The Whale; The perfect example of my living hell.


This year, Andrea and I managed to watch almost all of the Academy Award Nominated movies. There was one movie that I really didn’t know how I would feel about when I watched it, and that was The Whale. I knew that I was excited to watch it because of Brendan Fraser, having heard that he was absolutely amazing in it. But I was also nervous to watch it because of the subject matter.

For those who don’t know, this movie focuses on someone who is a recluse. He is extremely obese and struggles to live out his daily life, having difficulty standing, walking, showering, bathing, etc. Many things that most people just take for granted. He works from home and never shows himself on camera. He only interacts with a select few people in person.

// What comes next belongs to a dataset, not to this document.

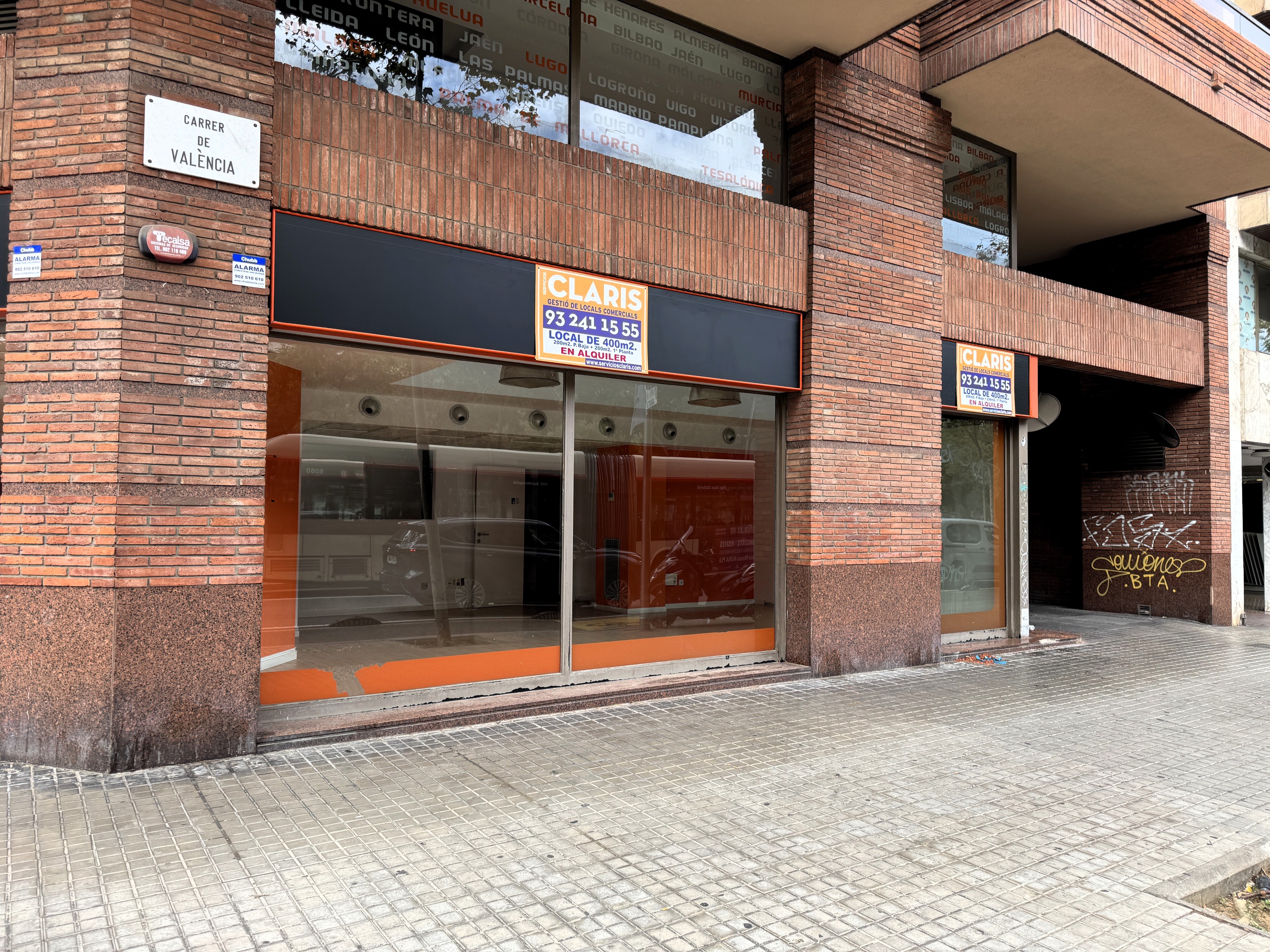 Otras casas – Barcelona 404.00 m2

I want you to know two things up front about my feelings for this movie.

I loved it, and I hated it.

It is a remarkable movie in that it captured a lot of the emotions I have felt in my life from before I lost 250+ pounds, to even now with some of the emotions I still have regarding my weight and my body.

This movie portrays a life I once lived. I was over 500 pounds, I rarely saw people or friends much of my days, and honestly I had a difficult time standing up, walking, exercise of any kind, and even laying down or rolling over in bed was troublesome and took way more effort than it should have. People always told me phrases like “you carry the weight well”. Well I certainly did carry it, but those platitudes only served to remind me that people were constantly evaluating my body, as if I needed reminders.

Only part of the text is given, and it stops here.